Размер расходов на его содержание или же размер расходов на

воспроизводство рабочей силы, зависит, в частности, и от того, сколько

производители могут требовать от предпринимателей, то есть, от того,

насколько сильны производители. Их потребности определяются, в

частности, их силой. Затраты на восстановление рабочей силы зависят, в

частности, от затрат на обучение, необходимого для обеспечения

производства. Семья работников наемного труда предоставляет рынку

рабочей силы молодое поколение работников, заменяющее старшее поколение.

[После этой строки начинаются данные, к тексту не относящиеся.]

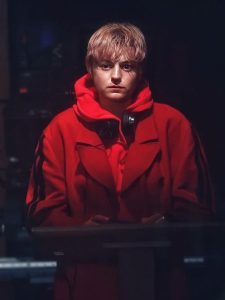 Darby Hart A Murder At The End Of The World S01 Emma Corrin Red Trench Coat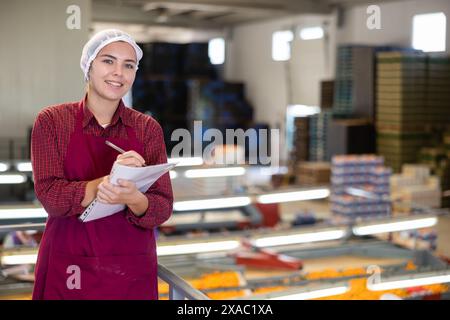 Jeune femme superviseure avec des papiers inspectant l'atelier de tri des mandarins Banque D'Images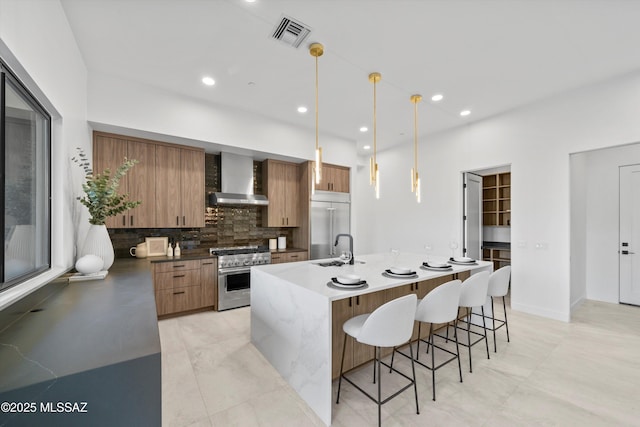 kitchen with visible vents, backsplash, premium appliances, modern cabinets, and wall chimney exhaust hood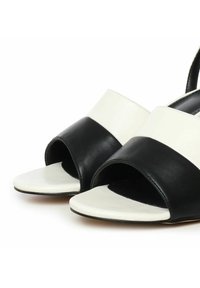 Sandalias de cuero en blanco y negro con un diseño de punta abierta, que cuentan con anchas correas de colores y una textura suave.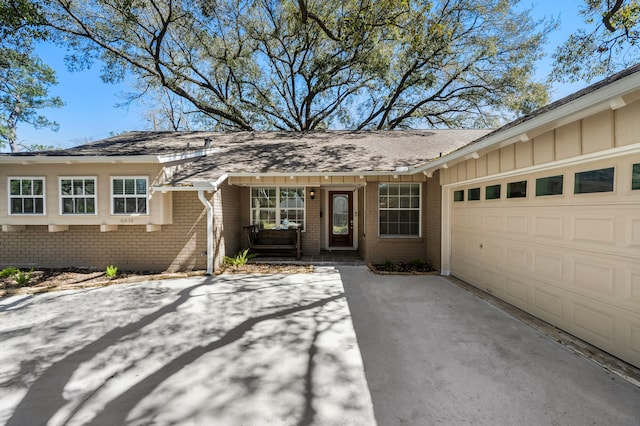 property entrance with a garage, concrete driveway, brick siding, and board and batten siding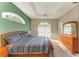 Spacious main bedroom with king bed, wood dresser and green accent wall at 6710 Pebble Beach Way, Lakewood Ranch, FL 34202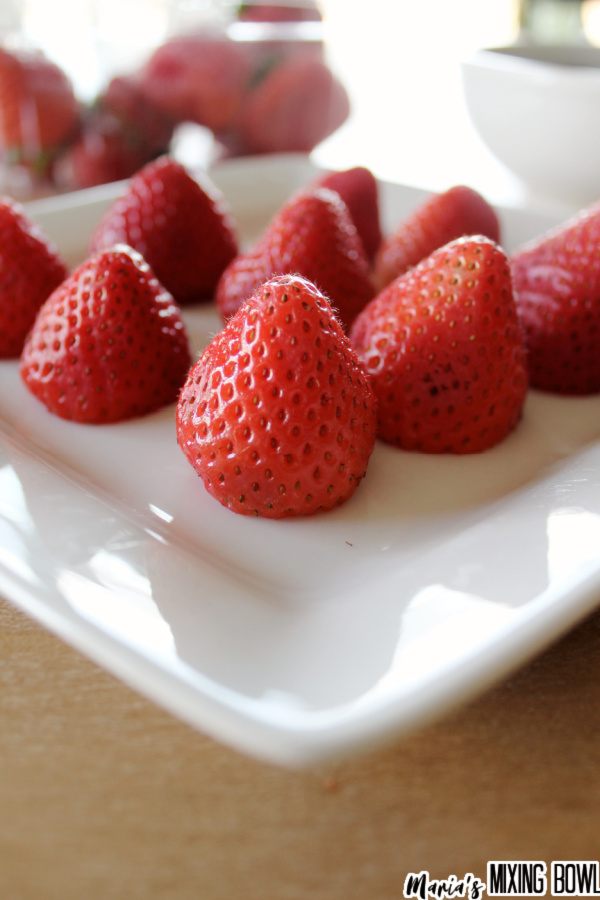 Closeup shot of strawberries standing on white plate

Поэтому в понятие расходов на восстановление рабочей силы входят и

затраты на содержание семьи работника.

      До тех пор, пока предприниматели конкурируют между собой, и,

вследствие этого, продают свой товар по цене, соответствующей его

стоимости – цена соответствует стоимости. Этот факт не исключает ценовых

колебаний, когда цена то поднимается несколько выше уровня стоимости, то

опускается несколько ниже уровня стоимости, но это явление продолжается

недолго и не приобретает большие размеры. Конкуренты постоянно стремятся

к компенсации. Если один из них продает товар по завышенной цене,

конкуренты начинают продавать свой товар по более низкой цене и таким

образом отнимают покупателей у того, кто продает товар по более высокой

цене. Если кто-то продает товар по заниженной цене, то, в конце концов,

разоряется, становится банкротом. Если кто-то продает товар по более

дешевой цене, чем конкуренты, и, тем не менее, все-таки получает прибыль

– например, вследствие разработки более дешевого, по сравнению с

конкурентами, производственного процесса - он тем самым вынуждает

конкурентов также производить товары более дешевым способом, если они

это сумеют, или же отказаться от продолжения производства, вследствие

отсутствия покупателей.

       Именно  средний показатель реального производственного времени,

то есть, времени, действительно необходимого для производства товара,

или, во всяком случае, большинства экземпляров того или иного продукта,

мы называем экономически необходимым рабочим временем. Именно этим

временем определяется стоимость продукта.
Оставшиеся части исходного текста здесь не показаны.